Prison Name: | HMP Kingston |
Location: | Portsmouth, Hampshire |
Status: | Closed |
Classification: | Adult Male/Category B&C |
Opened: | 1877 |
Closed: | 2013 |
HM Prison Kingston is a former Category B/C men's prison, located in the Kingston area of Portsmouth, in Hampshire, England. Prior to closure, the prison was operated by Her Majesty's Prison Service. In 2020, work began to convert the site to residential use.
Kingston Prison was originally built in 1877 as a Victorian radial design prison. Kingston has had a varied history. At one point the building was used for a boys' borstal, and then became a police station during World War II.
In 1965 capital punishment for murder was abolished in Britain and, as a result, Kingston began exclusively to hold inmates serving life sentences. Kingston became the only prison in England and Wales to have a unit exclusively for elderly male prisoners serving life sentences. In April 2003 a report from Her Majesty's Chief Inspector of Prisons stated that the elderly prisoner unit at Kingston provided unacceptable conditions for its inmates. The report detailed that movement in the unit was severely restricted, there was insufficient privacy and the rooms had too little natural light, poor ventilation and in some cases no power points.[1]
Soon afterwards Kingston was redesignated as a more general category B and C prison, the elderly prisoner unit moving to HMP Norwich. From April 2012 Kingston became mainly a Category C prison, holding a high percentage of inmates serving life sentences.

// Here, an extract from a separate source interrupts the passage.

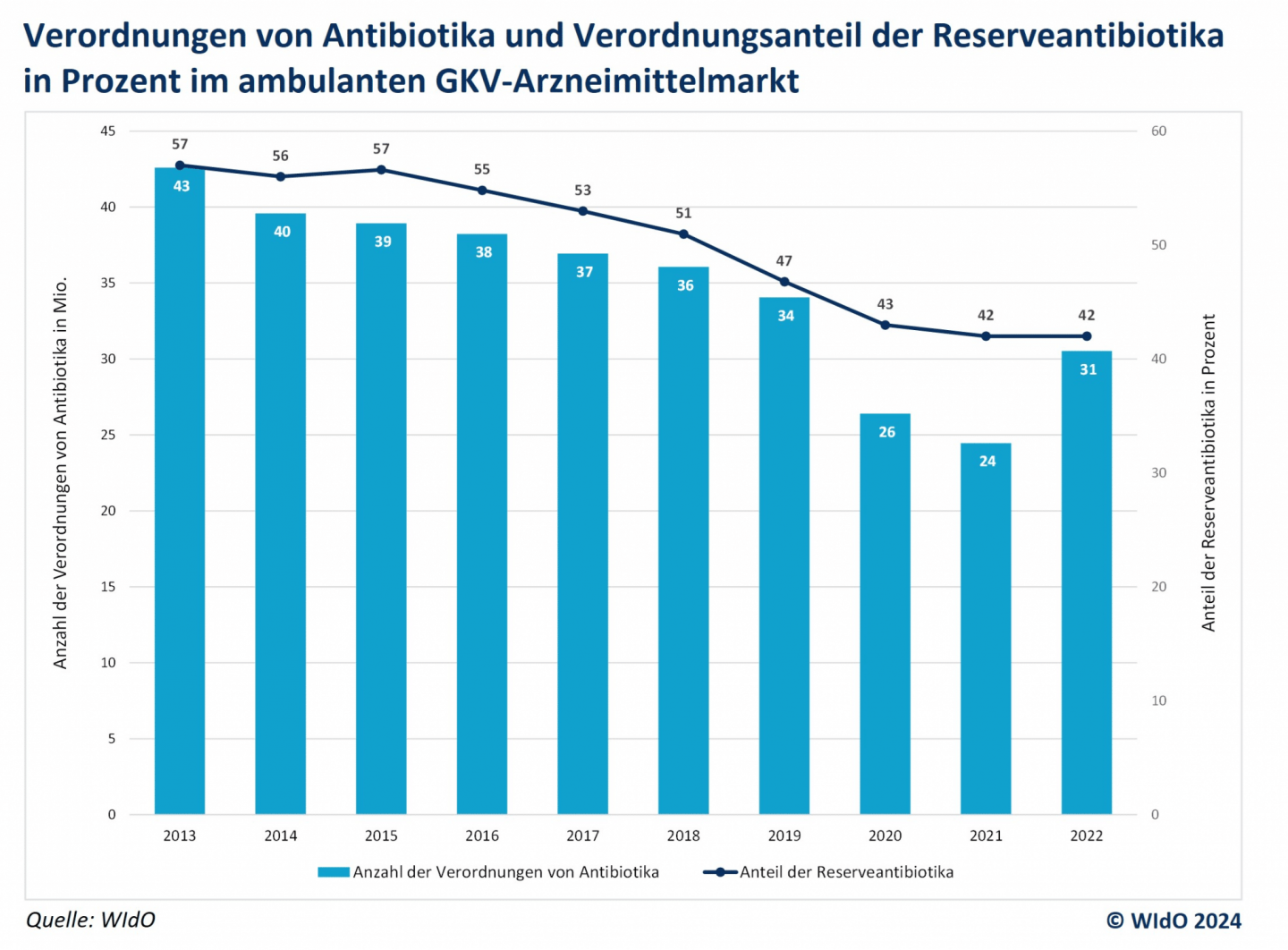 Balkendiagramm mit blauer Farbgebung, das die Anzahl der Verordnungen von Antibiotika (in Millionen) im ambulanten GKV-Arzneimittelmarkt von 2013 bis 2022 zeigt. Zusätzlich wird die Entwicklung des Anteils der Reserveantibiotika in Prozent durch eine schwarze Linie dargestellt. Die Anzahl der Antibiotikaverordnungen nimmt im dargestellten Zeitraum von 43 Millionen im Jahr 2013 auf 26 Millionen im Jahr 2020 ab, steigt danach leicht an und erreicht 31 Millionen im Jahr 2022. Der Anteil der Reserveantibiotika lag 2013 bei 57 Prozent und sank kontinuierlich auf 42 Prozent im Jahr 2022. Quelle: WIdO 2024.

On 10 January 2013 it was announced that Kingston Prison would close "in the next few months", as part of a wider prisons closure programme established by the Ministry of Justice.[2] The prison formally closed on 28 March 2013.[3] The former prison site was put up for sale, though there was a campaign to retain the site for use by the local community.[4] On 24 December 2014 it was announced that Kingston Prison along with Dorchester Prison, Gloucester Prison and Shepton Mallet Prison had been sold to City and Country. For a time, the complex was used to host airsoft games.[5] After a community consultation on the development of the site,[6] the former prison is being converted into 267 homes.[7]